In every big family, no matter how troubled, there are the kids who want to ignore problems, present a unified front and pretend everything was just fine the way it was, no need to change, keep moving, nothing to see. And there are other kids who say, nope, everything isn’t fine, the old ways don’t work now, I love you all but we’ve got issues to fix. Democrats tend to be those latter kids.

Most believe in God. A whole lot of the Democrats I know are Christians. Quite a few are churchgoers serious about their faith.

Nationally, 55 percent of Democrats or those who lean Democratic identify as Christians; 38 percent attend church at least monthly. These aren’t overwhelming numbers, but that’s a far cry from the right’s stereotype of Democrats as anti-God anarchists.

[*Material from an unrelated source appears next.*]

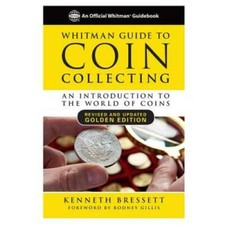 Whitman Guide to Coin Collecting: An Introduction to the World of Coins - GOOD segunda mano  Embacar hacia Mexico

Those on the left who identify as Christians tend to lean more toward the New Testament than the Old Testament. They focus on God’s mercy more than on God’s wrath. They emphasize the Scriptures that tell us to heal the sick, feed the poor and seek justice for outcasts. For some, faith propels their politics.

In our current social turmoil, it’s beneficial to keep in mind that, whoever you perceive as your adversary, that person might not be the monster you’ve imagined him to be.